Letters of support for Bio-Formats development and extensions

Dear All,

Fresh on the heels of another Bio-Formats release- it’s funding time again (when isn’t it??).

As many of you know, OME’s Bio-Formats library is heavily used by the imaging community, and is a great example of what can be achieved when scientists, engineers, software developers work together. The project has become a critical component of many open and commercial software tools. As just one metric of success, Bio-Formats was started >36 Mio times in 2015. That’s an average of >100k times each day.

Short version: We’re submitting a proposal for future-proofing Bio-Formats and extending the range of metadata OME supports. We need letters of support from the community!!! Please do send directly to Jason before Feb 26!!!

Longer version: Despite the success to date, it is worth considering various limitations of Bio-Formats, especially relative to the upcoming demands for imaging in the next 5-10 years. Bio-Formats’ core architecture was originally designed and implemented 2002-2004, and while it has undergone several updates (one example is the adoption of code generation to adapt to changes in the core OME Data Model), several aspects of its design and capabilities are aging and either are proving to be limitations or are entirely unsuited for the large, complex imaging datasets that are now being generated by the scientific community. A few examples:

• Java only
• Image acquisition metadata only
• stateless
• no explicit support for object stores

There are others. In considering these issues, we are strongly aware that Bio-Formats isn’t broken, but the demands for interface solutions for imaging metadata are growing. Many of the features above are useful for existing applications, but are massive blocks for others.
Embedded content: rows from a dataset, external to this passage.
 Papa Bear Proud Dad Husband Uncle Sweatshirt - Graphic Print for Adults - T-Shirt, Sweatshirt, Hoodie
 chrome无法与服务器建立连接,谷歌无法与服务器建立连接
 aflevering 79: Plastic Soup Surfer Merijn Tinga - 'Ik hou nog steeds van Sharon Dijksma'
To address these issues, we are submitting a funding proposal to the Wellcome Trust’s Biomedical Resource scheme. Our goal is to expand the types and sources of metadata that OME supports, and to ensure that the project’s technology can be used for evolving HCS, SRM and and several 3D imaging modalities, and for object-based data sources (e.g., AWS and other clouds). In particular, tools for accessing experimental and analytic metadata from standard formats (CSV, HDF5, etc.) should be supported.
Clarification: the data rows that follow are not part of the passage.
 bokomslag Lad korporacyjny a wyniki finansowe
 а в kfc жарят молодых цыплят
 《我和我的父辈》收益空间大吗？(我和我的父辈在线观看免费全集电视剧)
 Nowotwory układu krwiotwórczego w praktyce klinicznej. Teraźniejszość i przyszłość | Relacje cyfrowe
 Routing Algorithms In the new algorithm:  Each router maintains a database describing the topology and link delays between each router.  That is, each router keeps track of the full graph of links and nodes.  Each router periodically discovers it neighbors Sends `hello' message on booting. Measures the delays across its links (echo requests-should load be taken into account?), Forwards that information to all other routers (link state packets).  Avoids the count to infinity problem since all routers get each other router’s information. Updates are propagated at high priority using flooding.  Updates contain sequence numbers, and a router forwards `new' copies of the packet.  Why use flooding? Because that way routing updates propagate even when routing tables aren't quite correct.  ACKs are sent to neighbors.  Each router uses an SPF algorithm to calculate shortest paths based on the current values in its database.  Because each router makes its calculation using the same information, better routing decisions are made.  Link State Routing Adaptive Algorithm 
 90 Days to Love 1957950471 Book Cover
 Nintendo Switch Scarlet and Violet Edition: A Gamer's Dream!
In fact, we have the prototypes of this work done, as part of our development for the IDR project we’ve discussed here previously. Examples are in the URLs listed below [1]. Getting data into the IDR has driven several updates to Bio-Formats and scripts for reading experimental and analytic metadata.

In support of funding future work on Bio-Formats, we’re asking the community to (again!!) send letters of support for future work on Bio-Formata and metadata by OME. These letters are hugely important to demonstrate community interest and need for the proposed work. Note that we will also be asking for continuing support of formats, etc. to keep the core functions of Bio-Formats up to date.

If you can provide a letter of support, please do send directly to me.

Thanks in advance for your help and support from the whole OME team.

Cheers,

Jason

[1] We have built and deployed in a demo version of the IDR at Dundee. This resource holds 37 TB of image data in 29M images, and includes all associated experimental (e.g., genes, RNAi, chemistry, geographic location), analytic (e.g., submitter-calculated regions and features), and functional annotations. Wherever possible, metadata in IDR links to external resources that are the authoritative resource for that metadata (Ensembl, NCBI, PubChem, etc.). Datasets in human cells (e.g., Plate8_Actinome1, Drosophila, and fungi (e.g., JL_120731_S6A; P105) are included. The full Mitocheck dataset and a comprehensive chemical screen in human cells are included. Finally, imaging from Tara Oceans, a global survey of plankton and other marine organisms is also included.